One fundamental difference between ElasticSearch and Solr

mumrah · on Jan 22, 2013

This seems to be comparing ElasticSearch to Solr 3.x which is disingenuous. Solr 4.0 has been released for months now and includes many new features around distributed search and indexing.

Just to point out a few corrections: * Solr does have a transaction log. When using soft commits, the tx log is used to recover any volatile writes in the event of a crash * Solr replicates in a similar manner to ES. It no longer does full-index replication as indicated by the article. A write comes in and is routed to the shard leader and replicas. * Solr too has "High Availability built-in" with automatic failover of shards

One fundamental difference the article does not address is the robustness of Solr's cluster management. Solr uses ZooKeeper under the hood which implements the Paxos algorithm to avoid issues like "split-brain syndrome". ElasticSearch has implemented its own distributed coordination and is susceptible to such issues.

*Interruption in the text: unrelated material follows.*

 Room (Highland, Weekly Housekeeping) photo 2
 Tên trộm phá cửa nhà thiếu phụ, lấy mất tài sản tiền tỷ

Xylakant · on Jan 22, 2013

> ElasticSearch has implemented its own distributed coordination and is susceptible to such issues.

Only if configured wrong: setting discovery.zen.minimum_master_nodes to N/2 + 1 where N is the number of master nodes in the cluster prevents split-brain. Nodes that don't see enough master nodes will go into a catatonic state and won't accept writes, effectively preventing a split-brain syndrome.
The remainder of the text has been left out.